3.4 KiB
Didactopus
Didactopus is a local-first AI-assisted autodidactic mastery platform for building genuine expertise through concept graphs, adaptive curriculum planning, evidence-driven mastery, Socratic mentoring, and project-based learning.
Tagline: Many arms, one goal — mastery.
Recent revisions
This revision introduces a pluggable evaluator pipeline that converts learner attempts into structured mastery evidence.
The prior revision adds an agentic learner loop that turns Didactopus into a closed-loop mastery system prototype.
The loop can now:
- choose the next concept via the graph-aware planner
- generate a synthetic learner attempt
- score the attempt into evidence
- update mastery state
- repeat toward a target concept
This is still scaffold-level, but it is the first explicit implementation of the idea that Didactopus can supervise not only human learners, but also AI student agents.

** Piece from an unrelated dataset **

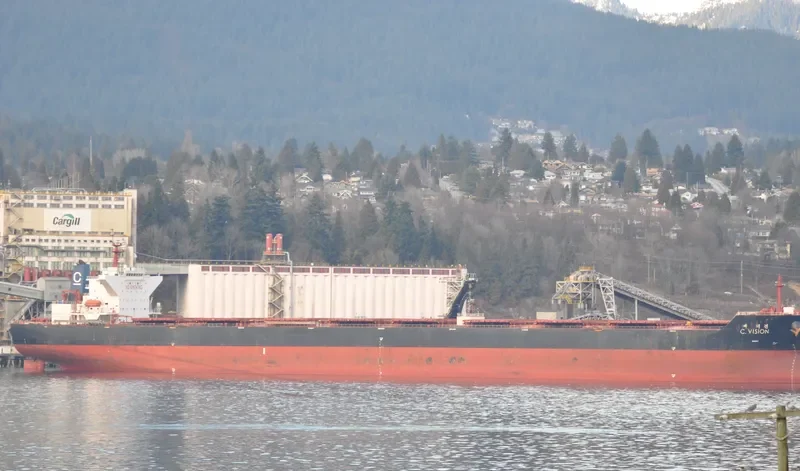 C.VISION Bulk Carrier IMO 9344473 photo 5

Complete overview to this point
Didactopus currently includes:
- Domain packs for concepts, projects, rubrics, mastery profiles, templates, and cross-pack links
- Dependency resolution across packs
- Merged learning graph generation
- Concept graph engine for cross-pack prerequisite reasoning, linking, pathfinding, and export
- Adaptive learner engine for ready, blocked, and mastered concepts
- Evidence engine with weighted, recency-aware, multi-dimensional mastery inference
- Concept-specific mastery profiles with template inheritance
- Graph-aware planner for utility-ranked next-step recommendations
- Agentic learner loop for iterative goal-directed mastery acquisition
Agentic AI students
An AI student under Didactopus is modeled as an agent that accumulates evidence against concept mastery criteria.
It does not “learn” in the same sense that model weights are retrained inside Didactopus. Instead, its learned mastery is represented as:
- current mastered concept set
- evidence history
- dimension-level competence summaries
- concept-specific weak dimensions
- adaptive plan state
- optional artifacts, explanations, project outputs, and critiques it has produced
In other words, Didactopus represents mastery as a structured operational state, not merely a chat transcript.
That state can be put to work by:
- selecting tasks the agent is now qualified to attempt
- routing domain-relevant problems to the agent
- exposing mastered concept profiles to orchestration logic
- using evidence summaries to decide whether the agent should act, defer, or review
- exporting a mastery portfolio for downstream use
FAQ
See:
docs/faq.md
Correctness and formal knowledge components
See:
docs/correctness-and-knowledge-engine.md
Short version: yes, there is a strong argument that Didactopus will eventually benefit from a more formal knowledge-engine layer, especially for domains where correctness can be stated in symbolic, logical, computational, or rule-governed terms.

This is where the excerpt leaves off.